Kita semua keluarga, makmum dan kaum muslimin merasa kehilangan pemimpin umat, kehilangan orang tua, kehilangan penasihat utama.
Ia menemui Tuhannya pada hari terbaik Jumat pagi, pada waktu terbaik setelah shalat tahajud mengirirngi adzan Shubuh, dengan diiringi kalimah Allah, dan istighfar, serta talqin Laa ilaaha illallaah, diiringi keringat mengantarkan kepergiannya.
Rasulullah Shallallahu ‘Alaihi Wasallam bersabda di dalam dalam hadits riwayat Ahmad dan At-Tirmidzi dari Abdullah bin Umar Radhiyallahu ‘Anhu, yang artinya, “Tidak ada seorang muslim yang meninggal pada hari Jum’at atau malam Jum’at, kecuali Allah akan menjaganya dari fitnah kubur.”
Pada hadits lain dinyatakan, yang maknanya, “Seorang mukmin apabila meninggal dunia, maka mengeluarkan keringat dari keningnya”. (H.R. At-Tirmidzi dan An-Nasa’i dari Buraidah bin Khusaib Radhiyallahu ‘Anhu).
Apalagi almarhum kemudian dishalatkan di masjid oleh ribuan kaum muslimin dan muslimat, oleh santriwan-santriwati, oleh para umara dan ulama, oleh kaum fuqara dan dhu’afa, serta oleh para penghafal Al-Quran.
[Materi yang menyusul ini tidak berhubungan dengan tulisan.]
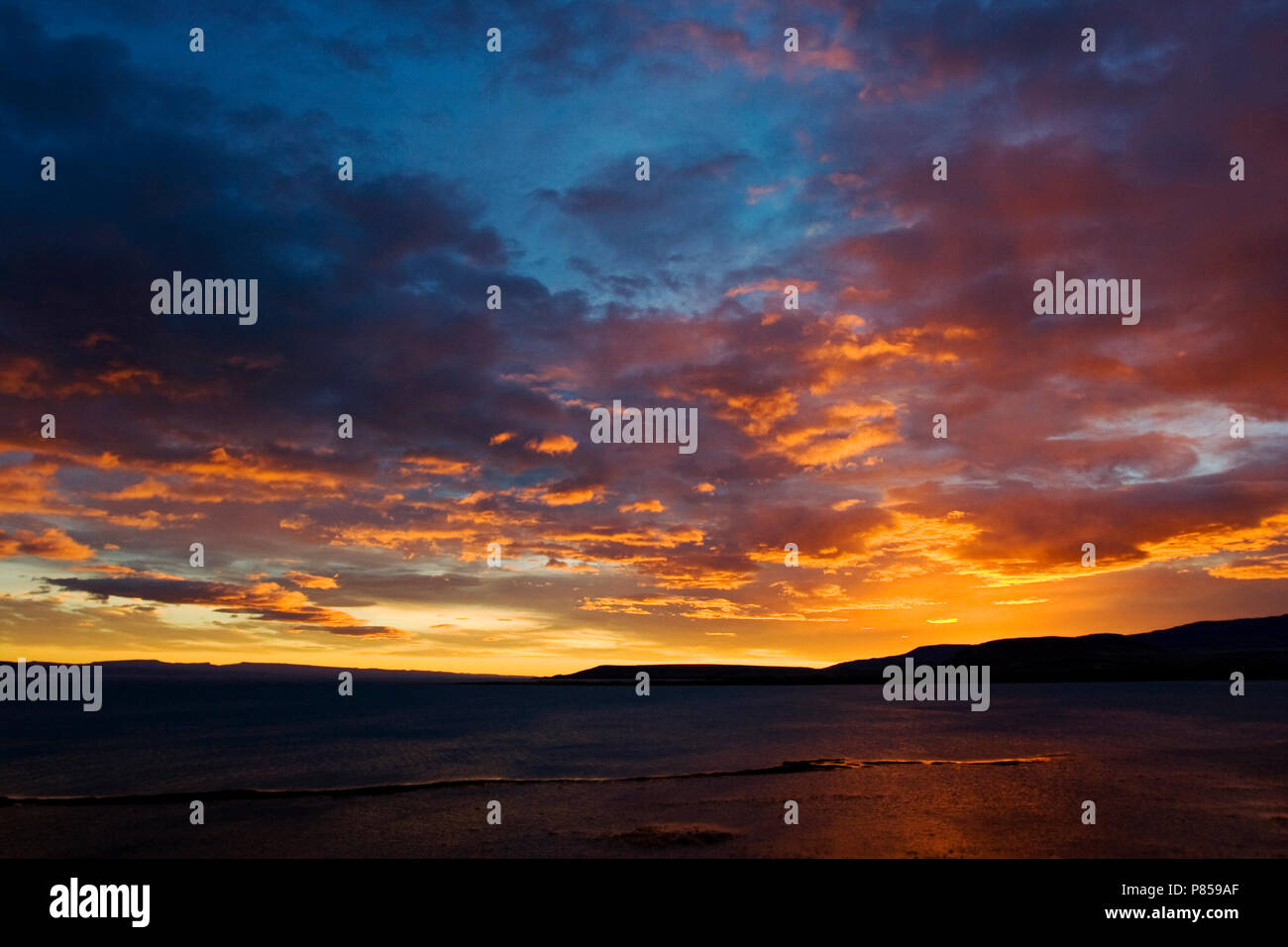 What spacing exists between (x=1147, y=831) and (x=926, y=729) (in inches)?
2226

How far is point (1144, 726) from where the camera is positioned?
8069cm

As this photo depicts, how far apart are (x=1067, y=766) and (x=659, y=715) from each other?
70228 millimetres

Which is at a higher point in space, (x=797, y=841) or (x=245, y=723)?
(x=797, y=841)

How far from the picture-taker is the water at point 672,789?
99.0 feet

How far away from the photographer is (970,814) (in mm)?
34562

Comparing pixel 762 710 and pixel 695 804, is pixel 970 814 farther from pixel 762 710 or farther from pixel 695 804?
pixel 762 710

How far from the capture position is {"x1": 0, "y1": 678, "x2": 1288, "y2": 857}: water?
30.2m

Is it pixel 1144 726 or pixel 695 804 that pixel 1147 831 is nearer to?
pixel 695 804

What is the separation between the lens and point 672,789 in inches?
1688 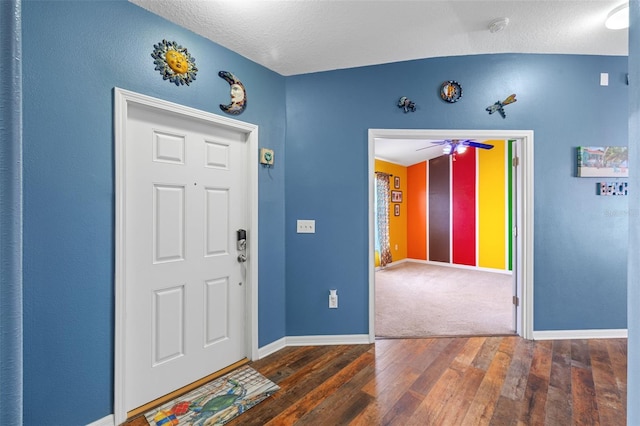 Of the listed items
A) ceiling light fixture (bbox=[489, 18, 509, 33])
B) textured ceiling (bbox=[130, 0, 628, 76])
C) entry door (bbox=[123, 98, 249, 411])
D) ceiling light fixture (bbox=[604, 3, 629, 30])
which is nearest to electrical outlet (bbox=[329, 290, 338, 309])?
entry door (bbox=[123, 98, 249, 411])

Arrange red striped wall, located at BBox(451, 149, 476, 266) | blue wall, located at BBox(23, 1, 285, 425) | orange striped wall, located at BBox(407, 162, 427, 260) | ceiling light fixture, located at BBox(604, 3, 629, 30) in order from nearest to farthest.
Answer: blue wall, located at BBox(23, 1, 285, 425), ceiling light fixture, located at BBox(604, 3, 629, 30), red striped wall, located at BBox(451, 149, 476, 266), orange striped wall, located at BBox(407, 162, 427, 260)

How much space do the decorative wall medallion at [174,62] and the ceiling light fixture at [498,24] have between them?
2236 millimetres

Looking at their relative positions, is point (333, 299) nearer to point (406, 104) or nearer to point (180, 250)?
point (180, 250)

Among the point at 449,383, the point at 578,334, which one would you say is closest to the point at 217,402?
the point at 449,383

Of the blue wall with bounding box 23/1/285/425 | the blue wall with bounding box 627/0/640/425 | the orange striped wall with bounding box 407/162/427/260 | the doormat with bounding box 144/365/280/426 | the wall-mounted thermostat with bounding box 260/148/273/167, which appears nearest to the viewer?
the blue wall with bounding box 627/0/640/425

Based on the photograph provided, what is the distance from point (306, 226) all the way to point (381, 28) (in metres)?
1.69

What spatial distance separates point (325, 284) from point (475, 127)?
6.72ft

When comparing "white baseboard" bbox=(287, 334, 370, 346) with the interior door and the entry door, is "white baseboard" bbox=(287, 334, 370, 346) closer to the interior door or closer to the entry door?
the entry door

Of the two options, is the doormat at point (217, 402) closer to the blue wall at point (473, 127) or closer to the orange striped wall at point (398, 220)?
the blue wall at point (473, 127)

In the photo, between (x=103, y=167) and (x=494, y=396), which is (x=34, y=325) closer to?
(x=103, y=167)

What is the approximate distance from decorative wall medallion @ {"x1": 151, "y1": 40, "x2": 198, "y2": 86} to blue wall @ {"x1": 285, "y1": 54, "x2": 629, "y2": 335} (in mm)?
913

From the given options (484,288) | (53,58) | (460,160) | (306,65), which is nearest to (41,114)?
(53,58)

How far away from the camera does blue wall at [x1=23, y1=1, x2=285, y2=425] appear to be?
142 cm

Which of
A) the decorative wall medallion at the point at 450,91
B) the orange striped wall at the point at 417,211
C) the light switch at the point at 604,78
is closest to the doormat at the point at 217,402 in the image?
the decorative wall medallion at the point at 450,91
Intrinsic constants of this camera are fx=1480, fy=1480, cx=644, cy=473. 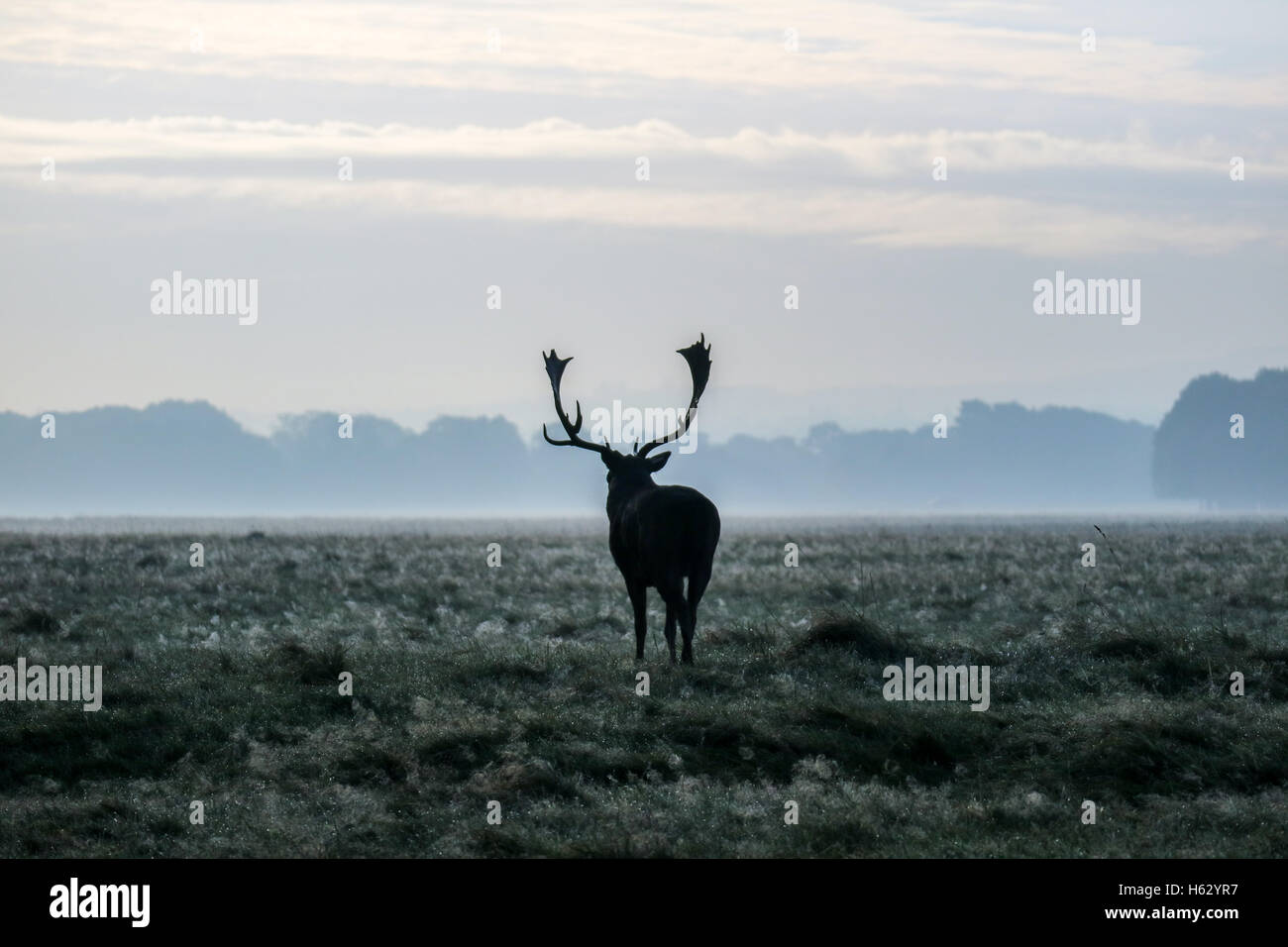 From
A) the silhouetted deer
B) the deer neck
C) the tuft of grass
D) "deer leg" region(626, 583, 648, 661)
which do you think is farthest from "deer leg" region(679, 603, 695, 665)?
the deer neck

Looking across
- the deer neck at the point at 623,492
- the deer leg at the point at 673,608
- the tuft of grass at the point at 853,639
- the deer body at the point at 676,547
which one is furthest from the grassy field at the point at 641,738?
the deer neck at the point at 623,492

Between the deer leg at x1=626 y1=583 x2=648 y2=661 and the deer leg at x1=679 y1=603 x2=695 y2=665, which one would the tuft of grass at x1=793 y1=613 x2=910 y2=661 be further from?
the deer leg at x1=626 y1=583 x2=648 y2=661

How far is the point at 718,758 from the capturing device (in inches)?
494

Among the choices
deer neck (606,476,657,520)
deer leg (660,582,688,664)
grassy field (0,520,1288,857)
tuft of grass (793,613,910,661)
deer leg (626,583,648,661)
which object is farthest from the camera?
deer neck (606,476,657,520)

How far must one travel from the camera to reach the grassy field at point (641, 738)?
10789mm

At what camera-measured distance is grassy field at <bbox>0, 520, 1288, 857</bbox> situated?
10.8 meters

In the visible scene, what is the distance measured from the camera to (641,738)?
13008mm

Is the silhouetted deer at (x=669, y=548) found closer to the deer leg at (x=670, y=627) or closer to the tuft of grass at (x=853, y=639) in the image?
the deer leg at (x=670, y=627)

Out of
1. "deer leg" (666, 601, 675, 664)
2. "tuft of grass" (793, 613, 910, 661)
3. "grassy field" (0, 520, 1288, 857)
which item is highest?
"deer leg" (666, 601, 675, 664)

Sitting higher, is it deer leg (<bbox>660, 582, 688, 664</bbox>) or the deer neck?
the deer neck

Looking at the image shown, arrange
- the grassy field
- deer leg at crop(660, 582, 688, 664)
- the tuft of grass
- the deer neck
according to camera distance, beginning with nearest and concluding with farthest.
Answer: the grassy field → deer leg at crop(660, 582, 688, 664) → the tuft of grass → the deer neck

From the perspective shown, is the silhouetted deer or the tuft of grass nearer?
the silhouetted deer

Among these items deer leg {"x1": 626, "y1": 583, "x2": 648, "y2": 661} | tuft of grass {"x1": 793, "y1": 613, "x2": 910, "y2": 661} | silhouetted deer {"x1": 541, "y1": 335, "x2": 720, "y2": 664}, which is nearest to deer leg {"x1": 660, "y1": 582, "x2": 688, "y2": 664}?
silhouetted deer {"x1": 541, "y1": 335, "x2": 720, "y2": 664}

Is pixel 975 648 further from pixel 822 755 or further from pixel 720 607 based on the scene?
pixel 720 607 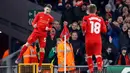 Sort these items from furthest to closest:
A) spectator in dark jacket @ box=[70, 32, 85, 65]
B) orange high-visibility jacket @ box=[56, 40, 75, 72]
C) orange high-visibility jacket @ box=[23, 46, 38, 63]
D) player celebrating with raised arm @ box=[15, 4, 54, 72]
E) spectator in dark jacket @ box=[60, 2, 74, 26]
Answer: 1. spectator in dark jacket @ box=[60, 2, 74, 26]
2. spectator in dark jacket @ box=[70, 32, 85, 65]
3. orange high-visibility jacket @ box=[23, 46, 38, 63]
4. orange high-visibility jacket @ box=[56, 40, 75, 72]
5. player celebrating with raised arm @ box=[15, 4, 54, 72]

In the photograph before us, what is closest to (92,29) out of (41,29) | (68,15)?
(41,29)

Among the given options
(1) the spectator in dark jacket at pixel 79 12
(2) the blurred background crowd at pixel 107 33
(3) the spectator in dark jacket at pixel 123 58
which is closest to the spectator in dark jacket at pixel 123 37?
(2) the blurred background crowd at pixel 107 33

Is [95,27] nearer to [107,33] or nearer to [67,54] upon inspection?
[67,54]

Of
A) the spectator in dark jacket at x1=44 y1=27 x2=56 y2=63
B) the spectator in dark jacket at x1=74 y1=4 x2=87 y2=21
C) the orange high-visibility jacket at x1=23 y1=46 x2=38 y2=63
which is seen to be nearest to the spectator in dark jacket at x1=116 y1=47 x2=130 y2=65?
the spectator in dark jacket at x1=44 y1=27 x2=56 y2=63

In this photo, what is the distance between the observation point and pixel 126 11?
21219 millimetres

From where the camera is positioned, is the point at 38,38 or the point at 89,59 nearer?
the point at 89,59

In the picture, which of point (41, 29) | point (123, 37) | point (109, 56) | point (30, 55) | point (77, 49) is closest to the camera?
point (41, 29)

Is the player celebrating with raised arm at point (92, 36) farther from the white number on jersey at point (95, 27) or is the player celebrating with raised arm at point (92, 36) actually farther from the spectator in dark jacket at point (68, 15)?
the spectator in dark jacket at point (68, 15)

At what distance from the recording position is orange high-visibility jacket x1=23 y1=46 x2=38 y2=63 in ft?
62.3

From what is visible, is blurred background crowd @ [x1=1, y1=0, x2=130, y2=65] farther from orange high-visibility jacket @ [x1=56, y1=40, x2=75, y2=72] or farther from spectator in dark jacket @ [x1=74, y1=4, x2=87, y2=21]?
orange high-visibility jacket @ [x1=56, y1=40, x2=75, y2=72]

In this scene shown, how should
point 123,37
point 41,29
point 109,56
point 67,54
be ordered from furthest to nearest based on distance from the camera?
point 123,37 < point 109,56 < point 67,54 < point 41,29

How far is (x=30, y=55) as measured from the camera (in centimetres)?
1909

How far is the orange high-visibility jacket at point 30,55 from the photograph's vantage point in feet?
62.3

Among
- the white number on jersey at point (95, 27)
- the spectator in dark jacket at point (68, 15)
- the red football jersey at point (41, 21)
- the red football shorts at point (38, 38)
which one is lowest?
the red football shorts at point (38, 38) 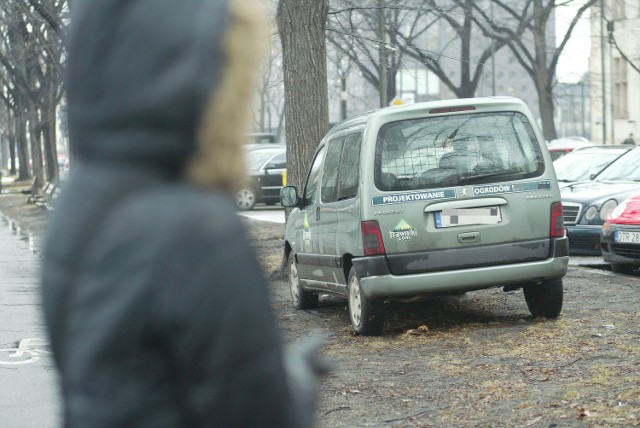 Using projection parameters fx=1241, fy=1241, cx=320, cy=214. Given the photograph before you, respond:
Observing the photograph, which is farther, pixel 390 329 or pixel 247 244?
pixel 390 329

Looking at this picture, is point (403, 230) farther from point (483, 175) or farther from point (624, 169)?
point (624, 169)

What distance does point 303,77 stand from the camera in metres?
14.5

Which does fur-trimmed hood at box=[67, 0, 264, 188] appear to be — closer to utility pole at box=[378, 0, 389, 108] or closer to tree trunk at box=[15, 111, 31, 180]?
utility pole at box=[378, 0, 389, 108]

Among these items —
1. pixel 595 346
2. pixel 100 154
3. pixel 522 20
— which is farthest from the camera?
pixel 522 20

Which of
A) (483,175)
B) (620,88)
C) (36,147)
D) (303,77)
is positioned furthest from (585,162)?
Result: (620,88)

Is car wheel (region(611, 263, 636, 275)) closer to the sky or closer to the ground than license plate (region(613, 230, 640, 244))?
closer to the ground

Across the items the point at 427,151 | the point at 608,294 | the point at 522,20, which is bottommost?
the point at 608,294

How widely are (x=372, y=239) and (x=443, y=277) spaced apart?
0.61 m

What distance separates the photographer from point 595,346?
866cm

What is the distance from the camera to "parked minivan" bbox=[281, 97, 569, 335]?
9.34m

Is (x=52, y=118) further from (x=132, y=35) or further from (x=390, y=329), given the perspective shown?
(x=132, y=35)

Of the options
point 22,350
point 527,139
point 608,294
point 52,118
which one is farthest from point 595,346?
point 52,118

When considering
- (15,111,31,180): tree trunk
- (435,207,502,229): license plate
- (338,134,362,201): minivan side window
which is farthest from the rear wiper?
(15,111,31,180): tree trunk

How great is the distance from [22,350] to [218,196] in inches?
341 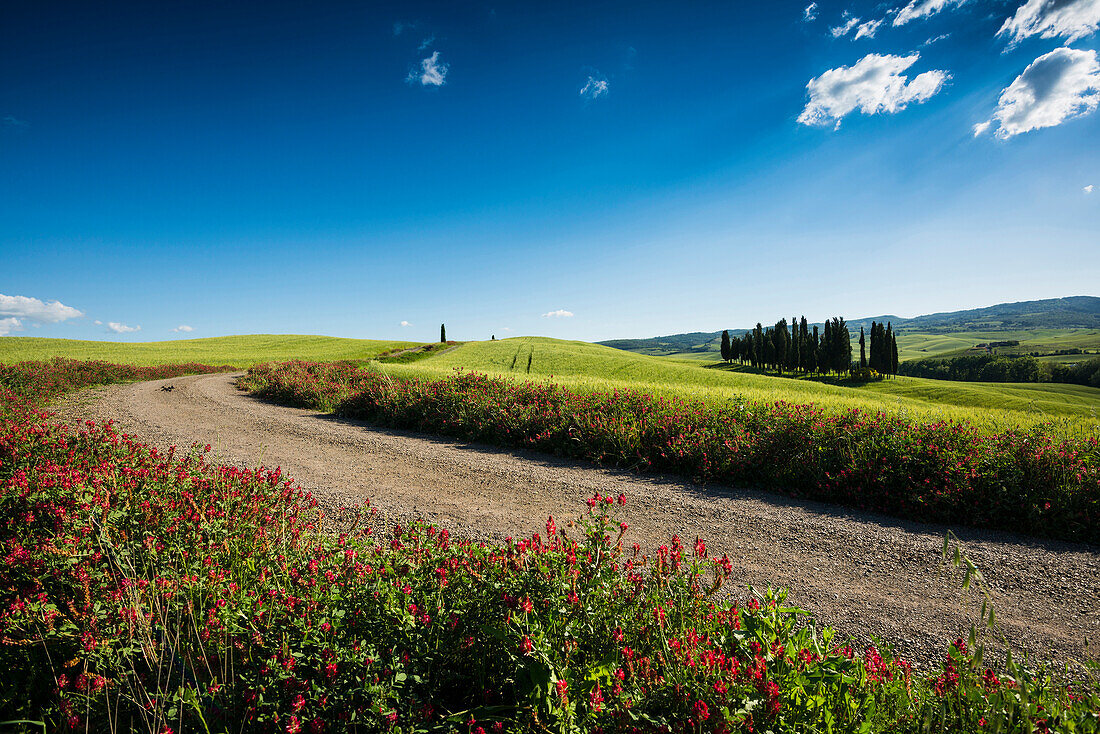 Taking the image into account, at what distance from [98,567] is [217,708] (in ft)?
6.75

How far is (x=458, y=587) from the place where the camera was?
3.16 metres

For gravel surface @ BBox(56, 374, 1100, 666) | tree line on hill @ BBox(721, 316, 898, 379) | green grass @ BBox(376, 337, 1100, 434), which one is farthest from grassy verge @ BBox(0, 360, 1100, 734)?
tree line on hill @ BBox(721, 316, 898, 379)

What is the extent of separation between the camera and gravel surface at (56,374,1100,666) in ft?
14.0

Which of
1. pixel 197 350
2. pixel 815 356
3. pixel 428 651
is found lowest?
pixel 428 651

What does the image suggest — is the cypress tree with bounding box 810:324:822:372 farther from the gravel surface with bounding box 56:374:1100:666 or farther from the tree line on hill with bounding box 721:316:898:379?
the gravel surface with bounding box 56:374:1100:666

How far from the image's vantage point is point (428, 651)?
269 cm

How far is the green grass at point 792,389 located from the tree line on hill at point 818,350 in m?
8.68

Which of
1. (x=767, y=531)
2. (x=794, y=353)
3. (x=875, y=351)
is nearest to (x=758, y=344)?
(x=794, y=353)

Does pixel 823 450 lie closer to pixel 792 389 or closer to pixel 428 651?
pixel 428 651

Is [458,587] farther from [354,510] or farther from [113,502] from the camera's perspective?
[354,510]

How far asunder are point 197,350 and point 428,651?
69951mm

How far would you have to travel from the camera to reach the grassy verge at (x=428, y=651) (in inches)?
91.0

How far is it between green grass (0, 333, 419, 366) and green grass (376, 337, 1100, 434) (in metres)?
22.5

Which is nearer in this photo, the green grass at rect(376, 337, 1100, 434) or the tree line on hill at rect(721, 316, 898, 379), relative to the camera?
the green grass at rect(376, 337, 1100, 434) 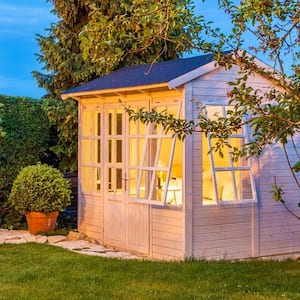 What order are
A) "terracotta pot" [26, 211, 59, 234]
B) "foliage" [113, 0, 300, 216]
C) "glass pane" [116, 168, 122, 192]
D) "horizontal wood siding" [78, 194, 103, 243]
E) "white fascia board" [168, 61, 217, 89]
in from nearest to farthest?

Subhanallaah.
Ustadz Yakhsyallah Mansur, yang kemudian hari itu juga dibai’at sebagai Imaamul Muslimin, memimpin prosesi pemakaman almarhum, setelah sebelumnya dimandikan, dikafankan dan dishalatkan oleh ribuan jamaah yang hadir.
“Badan almarhum saat dimandikan sangat bersih, tidak ada sedikitpun bekas jatuh,” ujarnya, yang ikut memandikan jenazah.
Seorang makmum nun jauh dari Kupang, Nusa Tenggara Timur, Ardansyah mengirimkan pesan duka melalui pesan singkat kepada Penulis, Sabtu (13/12/2014), pukul 15.02 WIB. Isinya, “Hari kemarin dan hari ini terasa sangat berat, separuh jiwaku terasa hilang bersamaan dengan hilangnya Imaamul Muslimin tercinta. Wajah pucat dan muram masih berselimut di wajahku. Namun, itu takkan membuatmu kembali ke hadapanku.
Aku rindu padamu, aku rindu mencium tanganmu, aku rindu cambukan nasihatmu, aku rindu pelukan hangatmu. Aku tak percaya hal ini benar-benar terjadi. Kini aku benar-benar kehilangan dirimu.
Namun aku berharap ini hanya sementara, semoga Allah mengumpulkan aku bersama dirimu wahai Imaamku, mujahid ikhlasku, pejuang kesatuan ummatku. Aku ingin kelak bertemu di syurga-Nya, denganmu Wahai Imaam yang kubanggakan.
Wahai Imaam, maafkan diriku, aku tak sempat memberimu kebahagiaan menjadi kader yang baik dan belum mengharumkan nama Jama’ah Muslimin. Aku masih menjadi kader biasa-biasa saja. Bahkan masih jauh dari kata bermanfaat bagi ummat.
Ya Allah ya Rabb, untuk itu bantulah hamba-Mu ini agar bisa mengikuti jejak Nabi, para sahabat dan Imaam tercinta almarhum. Amin yaa Robbal ‘aalamiin…. (L/P4/R03).